Friday, July 31, 2009

When he shuts his eyes it is night

Good footage last week of the solar eclipse that swept northeast across swaths of Asia. Online videos showed worshipers observing the occasion in Varanasi, directly in the path of the shadow of the moon, where 2,500 folks gathered at the Ganges to watch a total eclipse for 3 mins 48 seconds, the longest time until 2132.

A scientific world paints eclipses as extravagantly, in its way, as poetically gorgeous mythology. One commentator enthused that scientists wait a lifetime for an opportunity like this to see the delicately streaming sun's corona, 2 million degrees centigrade. They describe the beading of light from the reflected irregularities of the moon into a gemlike ball of light perched on the corona as a wedding ring, which it exactly resembles.

In Vedic astrology an eclipse is a sun-eating dragon that swallows the moon. Being Indian mythology, there are different versions. In one, the culprit is Rahu, a frightening dragon who is all head. Rahu diguised himself so as to sneak a drink of the forbidden nectar of immortality churned during the Samudra Manthan, the famous churning of the ocean of milk. The Sun and Moon spotted him and told Vishnu, who lopped off Rahu's head before he could swallow the divine nectar. But the part that had touched the nectar, his head, became immortal. Rahu swore vengeance on the Sun and the Moon, and whenever he sees them he tries to gobble them up. Since, being bodiless, he can hold neither very long, they come safely out the other side, but their power is distressingly weakened.

Above is a Tibetan vision of Rahu as a demon with multiple heads. (There's a reason, of course, he has them all, but that will have to be the subject of another post.) When Rahu swallows the sun, the precaution of fasting prevents one from ingesting malefic influences afoot. Pregnant women must stay indoors and parents do not want their babies born on this day. To ward off the effects of the eclipse, folks undertake ritual bathing in purifying rivers and streams to cleanse their sins.
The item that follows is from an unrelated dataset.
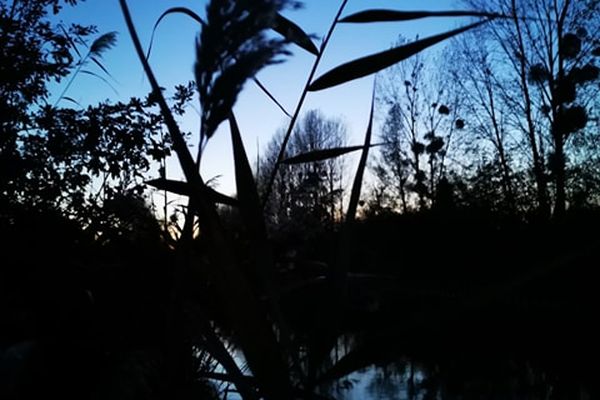 Le ciel est bleu dans une ambiance printanière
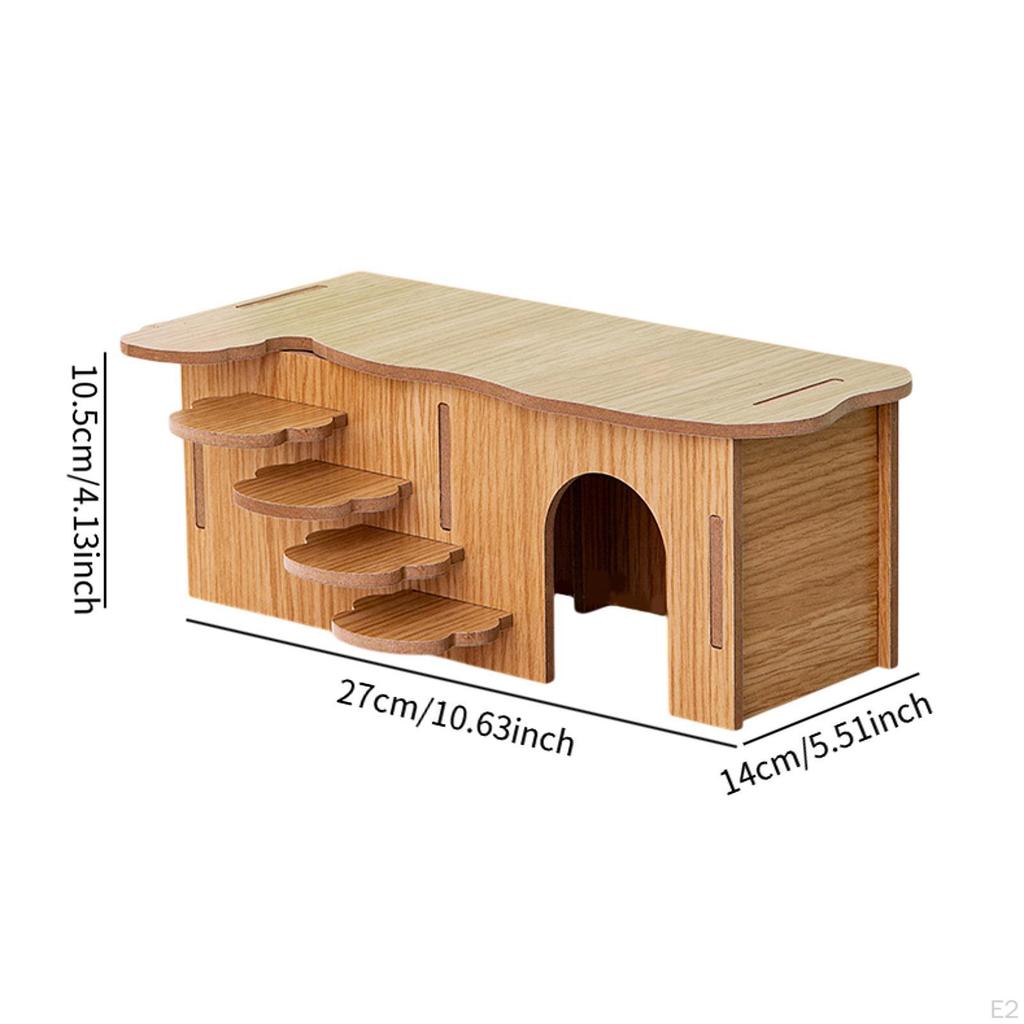 Hamster Habitat with Climbing Structure for Small Animals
Something so momentous, ominous and beautiful as stealing the sun needs a story big enough to convey awe and respect for the impact on us of the primal powers of Nature. Religiously, this is huge. Divine space visibly invading and transforming human space for all to see. We don't treat phenomenal Nature so profoundly in the West. Man walking on the moon is, after all, human space invading the divine. Rainbows, maybe. We are able to see them as auspicious omens, as in this wedding story in last Sunday's New York Times.

There was plenty of science on the ground in India, but some were not impressed. In Taregna, some folks believed that the obstruction of the sight of the eclipse by overcast skies (it's monsoon season) happened for a reason. " The scientists have made a mockery of this divine thing. It is because of this that no one here could watch the eclipse," a devotee explained.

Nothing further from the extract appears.